Поднявшись с дивана, она повела нас к двери рядом с лестницей. Когда она открыла задвижку, мы поняли, что это вход в подвал, провал во тьму. Маргарет зажгла лампочку, подвешенную на проволоке, и спустилась под скрип лестничных ступеней. Сначала я не заметила ничего необычного, но потом увидела металлическую этажерку, забитую видеокассетами с наклейками, на которых были написаны разные цифры: двенадцать, четырнадцать, шестнадцать, семнадцать, на некоторых даже была семерка или девятка, но все цифры были меньше восемнадцати. Здесь также стояла пара деревянных столов с картонными коробками, а к стенам были прикреплены кнопками изображения калифорнийских пляжей.
– Все это… – уточнил профессор, чтобы подтвердить догадку.
– Да, записи, – ответила она.
Маргарет подошла к этажерке и присела. Ухватившись за шнур, она приподняла деревянный люк, который вел в еще более темное место. Женщина нажала на выключатель, и мы с профессором заглянули вниз, не желая спускаться. Там стояла узкая раскладушка со скомканной простыней и видеокамера на штативе напротив.
– Он начал платить девочкам-подросткам, чтобы… чтобы они спускались сюда, и он их снимал.
Голова закружилась, и мне пришлось опереться на стол. К горлу подкатила тошнота.
– Вы знали об этом и ничего не сказали? – в шоке спросила я.
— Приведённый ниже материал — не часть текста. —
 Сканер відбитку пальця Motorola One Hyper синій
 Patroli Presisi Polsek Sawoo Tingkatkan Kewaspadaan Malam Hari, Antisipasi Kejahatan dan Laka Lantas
– Я знала, но они приходили добровольно. Были даже подружки моих детей.
– Что?
– Они приходили к нам и…. ну, Джеймс предлагал им тридцать, пятьдесят долларов, и… они спускались без жалоб. Они хотели этого. И мальчики… тоже.
– И мальчики? А ваши дети об этом знали? Они знали, что вы платили их друзьям, чтобы… чтобы их здесь снимали?
Она обреченно кивнула. Профессор достал одноразовый фотоаппарат, который всегда носил с собой, и сделал снимок подвала, сфокусировавшись на кровати и штативе. Затем он сфотографировал этажерку с видеокассетами.
– Меня арестуют? Это конец. Я много лет мечтала, чтобы все это закончилось… но… я не хотела потерять детей, понимаете?
– Мы не полицейские, миссис Фостер. Мы не собираемся вас арестовывать и не обязаны вас понимать.
– Вы не из полиции? – удивленно воскликнула женщина.
– Нет. Но будь я из полиции, то не дала бы вам даже попрощаться с детьми, – твердо заявила я.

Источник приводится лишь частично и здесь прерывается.